Setting last update time to now.
Slave state updated.
Lapro0639 is the machine currently rendering. The one that stalled was called lapro0677, and you can see that its not listed under “Holds” any longer. But still the document shows “Used: 2”…
The other jobs limitGroups are similarly corrupted.
Randomly picking jobs here from the many that failed. This did it again after having had its limit increased. I have not yet increased its limit further:
It’s possible, we’ll have to do sopme digging on our end.
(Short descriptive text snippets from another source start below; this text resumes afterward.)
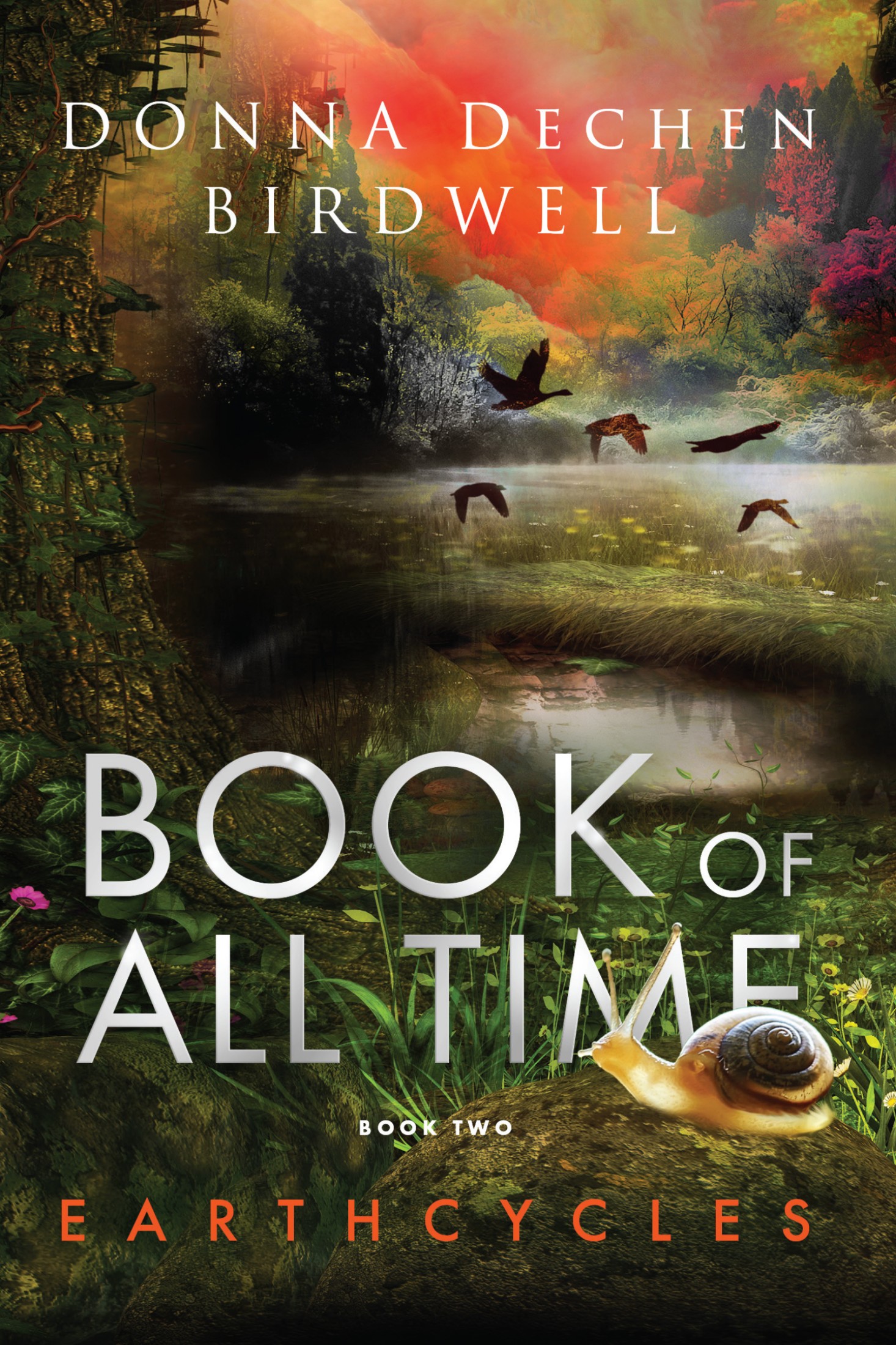 Book of All Time (EarthCycles, #2)
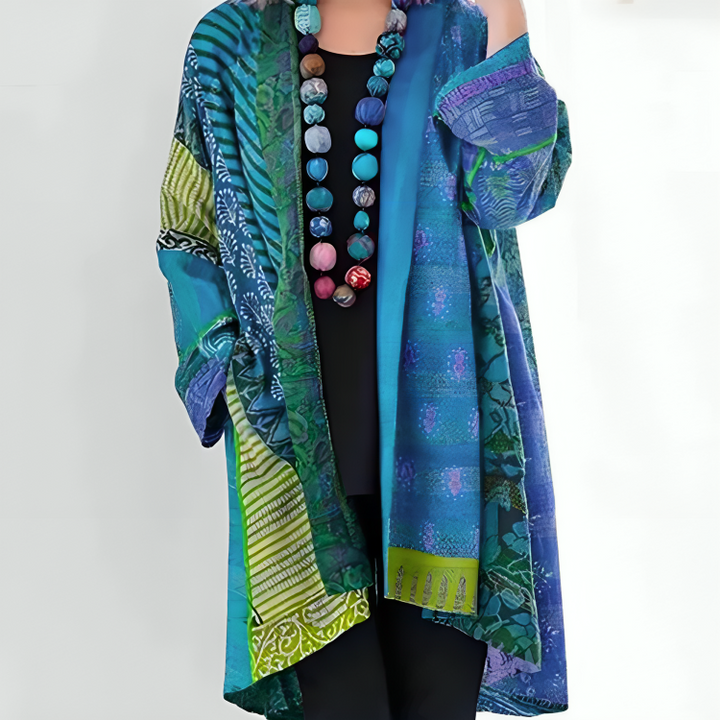 Maggie – Timeless Modern Cardigan
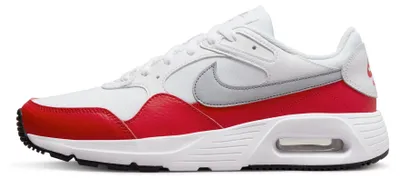 Produktbild von Nike Air Max SC White University Red Wolf Grey - EU 38.5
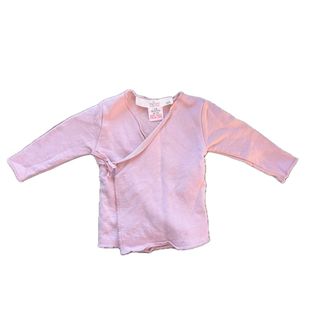 ザラキッズ(ZARA KIDS)の美品⭐︎zara baby 68cm セットアップ(シャツ/カットソー)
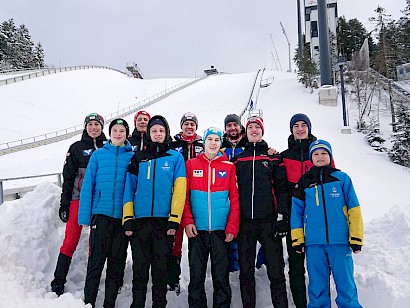 Ski Nordisch: KSC-Nachwuchs mit Erfolgserlebnissen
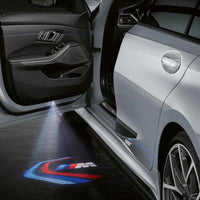 BMW M Performance Led Door Light Projectors - BMW G Chassis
From that limit you posted, I did notice that the InOverage value less than 0. We had made a fix a few versions ago that should prevent that from happening, but this is especially suspicious considering Job-Level limits do not ever use overage, so that count should never be getting decremented. Can you confirm if the other offending jobs have this issue as well?
I’ve done some tests, and I’ve confirmed that the issue is that when a slave stalls and tries to resume the job, it seems to be decrementing the limit in overage count for the previous job instead of the inuse value. We’re currently looking into a fix.
So simply rolling back the pulse version (to get the housekeeping, etc jobs to use the old version) would not fix this issue, we would have to roll back the entire farm, or wait for a hotfix from you guys. Correct?
Thanks, we have rolled back the pulse machines for now (there were other fixes in 8.0.10 that were also required for us), and it seems to behave much better now. What is your expected timeline for the next update?